Per difendere questo ruolo non sarebbe meglio evitare la difesa ad oltranza della corporazione e isolare i magistrati che sbagliano?
«L’Anm è impegnata in un’operazione di rinnovamento che vuole proprio spezzare il corporativismo della magistratura. Non difendiamo aprioristicamente tutti e battiamo sul tema della professionalità, spezzando un tabù che riguarda anche la scelta dei dirigenti e le valutazioni quadriennali che hanno sostituito il vuoto di controlli. Accanto all’autonomia e all’indipendenza, ci vuole la responsabilità. In un momento difficile per il Paese serve una magistratura preparata, soprattutto quando si maneggiano indagini delicate che lambiscono il livello politico. È una strada non semplice e lo testimoniano non solo le critiche e anche gli insulti che riceviamo dall’esterno, ma anche le resistenze e il vivace dibattito interno».
Gli attacchi li sferrate anche voi, come l’ultimo al premier.
«Abbiamo ribadito che non si può delegittimare di fronte al Paese la magistratura come istituzione. Soprattutto, parlando di mafia. Questo governo è impegnato nella lotta alla criminalità organizzata e ha varato importanti provvedimenti, ora non può lasciar soli e accusare di sprecare denaro chi è in prima fila in questa battaglia».
Per combattere la politicizzazione della magistratura si chiede la riduzione del peso delle correnti. Voi che fate per questo?
«È un altro tema sul quale siamo molto impegnati. Abbiamo fatto proposte per cambiare la selezione dei candidati al Csm, in modo da non vincolarla ai giochi delle correnti».
Napolitano è intervenuto sul Csm perché discutesse «con serenità» pratiche a tutela di magistrati entrati in conflitto con il premier e il governo. È la prova che anche lui temeva strumentalizzazioni politiche?
«Non posso interpretare le intenzioni del Quirinale.
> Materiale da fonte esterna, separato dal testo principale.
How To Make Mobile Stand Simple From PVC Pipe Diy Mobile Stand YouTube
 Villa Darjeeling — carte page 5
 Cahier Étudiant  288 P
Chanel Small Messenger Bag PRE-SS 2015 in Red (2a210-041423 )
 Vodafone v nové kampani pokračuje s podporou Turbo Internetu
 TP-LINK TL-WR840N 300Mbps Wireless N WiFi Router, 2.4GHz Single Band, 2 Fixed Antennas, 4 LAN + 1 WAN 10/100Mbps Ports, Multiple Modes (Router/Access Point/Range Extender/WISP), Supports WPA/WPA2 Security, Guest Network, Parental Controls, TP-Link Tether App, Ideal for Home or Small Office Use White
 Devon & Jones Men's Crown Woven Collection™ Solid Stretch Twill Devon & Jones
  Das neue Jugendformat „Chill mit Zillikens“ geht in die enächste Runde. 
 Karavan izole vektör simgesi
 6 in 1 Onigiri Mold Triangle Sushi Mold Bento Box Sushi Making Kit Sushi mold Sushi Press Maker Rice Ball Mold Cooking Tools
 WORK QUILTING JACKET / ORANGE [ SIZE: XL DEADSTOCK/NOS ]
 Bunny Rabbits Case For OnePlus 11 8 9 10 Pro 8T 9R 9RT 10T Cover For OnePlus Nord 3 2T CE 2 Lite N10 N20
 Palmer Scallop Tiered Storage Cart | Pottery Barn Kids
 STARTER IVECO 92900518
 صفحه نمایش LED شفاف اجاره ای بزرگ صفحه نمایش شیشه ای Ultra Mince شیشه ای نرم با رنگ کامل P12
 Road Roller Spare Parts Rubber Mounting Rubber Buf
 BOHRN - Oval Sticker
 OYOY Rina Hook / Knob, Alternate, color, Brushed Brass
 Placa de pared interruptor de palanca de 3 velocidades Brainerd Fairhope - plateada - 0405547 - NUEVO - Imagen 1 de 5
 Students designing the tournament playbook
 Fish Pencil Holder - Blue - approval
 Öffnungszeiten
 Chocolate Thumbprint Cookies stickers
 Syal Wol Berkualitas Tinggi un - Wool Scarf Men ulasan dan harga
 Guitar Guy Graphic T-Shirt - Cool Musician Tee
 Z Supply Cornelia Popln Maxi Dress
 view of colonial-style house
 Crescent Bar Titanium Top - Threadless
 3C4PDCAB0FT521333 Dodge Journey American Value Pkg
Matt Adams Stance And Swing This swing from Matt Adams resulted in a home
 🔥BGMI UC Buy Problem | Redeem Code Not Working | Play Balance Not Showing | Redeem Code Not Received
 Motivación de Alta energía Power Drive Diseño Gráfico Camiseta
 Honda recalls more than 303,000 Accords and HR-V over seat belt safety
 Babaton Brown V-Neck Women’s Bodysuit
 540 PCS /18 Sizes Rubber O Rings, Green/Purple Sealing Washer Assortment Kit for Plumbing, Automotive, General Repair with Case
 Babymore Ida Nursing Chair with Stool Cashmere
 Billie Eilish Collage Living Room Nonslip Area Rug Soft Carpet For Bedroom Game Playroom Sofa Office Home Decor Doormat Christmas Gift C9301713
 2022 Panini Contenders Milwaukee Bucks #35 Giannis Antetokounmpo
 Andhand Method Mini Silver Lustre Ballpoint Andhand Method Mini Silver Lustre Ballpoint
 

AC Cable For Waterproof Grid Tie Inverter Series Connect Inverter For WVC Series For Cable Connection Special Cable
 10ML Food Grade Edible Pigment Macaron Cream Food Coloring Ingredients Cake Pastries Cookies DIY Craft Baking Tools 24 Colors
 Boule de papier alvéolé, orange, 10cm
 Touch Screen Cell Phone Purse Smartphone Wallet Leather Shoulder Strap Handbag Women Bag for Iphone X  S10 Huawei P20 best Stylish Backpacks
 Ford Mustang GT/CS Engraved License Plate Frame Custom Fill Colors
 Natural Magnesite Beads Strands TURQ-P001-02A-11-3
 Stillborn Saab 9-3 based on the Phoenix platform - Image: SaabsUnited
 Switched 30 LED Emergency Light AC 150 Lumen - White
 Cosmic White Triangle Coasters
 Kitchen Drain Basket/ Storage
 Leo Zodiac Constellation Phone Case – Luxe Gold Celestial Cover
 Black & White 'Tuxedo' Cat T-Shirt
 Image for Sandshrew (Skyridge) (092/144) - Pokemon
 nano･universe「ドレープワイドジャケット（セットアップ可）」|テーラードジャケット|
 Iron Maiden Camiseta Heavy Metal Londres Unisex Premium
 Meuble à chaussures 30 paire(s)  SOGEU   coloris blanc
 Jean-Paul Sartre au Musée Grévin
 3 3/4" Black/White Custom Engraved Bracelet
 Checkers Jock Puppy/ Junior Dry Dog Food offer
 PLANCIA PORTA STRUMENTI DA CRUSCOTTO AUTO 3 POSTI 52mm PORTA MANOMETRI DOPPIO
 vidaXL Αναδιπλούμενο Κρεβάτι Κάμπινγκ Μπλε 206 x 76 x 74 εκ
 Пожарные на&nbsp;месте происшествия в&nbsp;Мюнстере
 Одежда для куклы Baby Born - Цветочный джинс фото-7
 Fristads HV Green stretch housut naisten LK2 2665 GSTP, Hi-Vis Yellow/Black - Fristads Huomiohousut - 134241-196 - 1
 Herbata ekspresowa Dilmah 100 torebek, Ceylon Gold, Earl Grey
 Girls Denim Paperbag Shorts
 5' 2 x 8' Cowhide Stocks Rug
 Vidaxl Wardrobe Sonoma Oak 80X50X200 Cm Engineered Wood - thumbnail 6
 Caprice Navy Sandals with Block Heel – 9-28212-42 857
Però, le pratiche a tutela sono legate non alla difesa corporativa dei singoli magistrati ma alla legittimazione dell’ordine giudiziario. Il Csm dovrà affrontare il problema nel modo più giusto e corretto».
Quanto temete la riforma del processo penale in arrivo?
«Nessuna chiusura pregiudiziale. Auspichiamo una riforma che punti sul servizio, metta i magistrati in grado di lavorare e intervenga sulla vera emergenza della giustizia: i tempi del processo».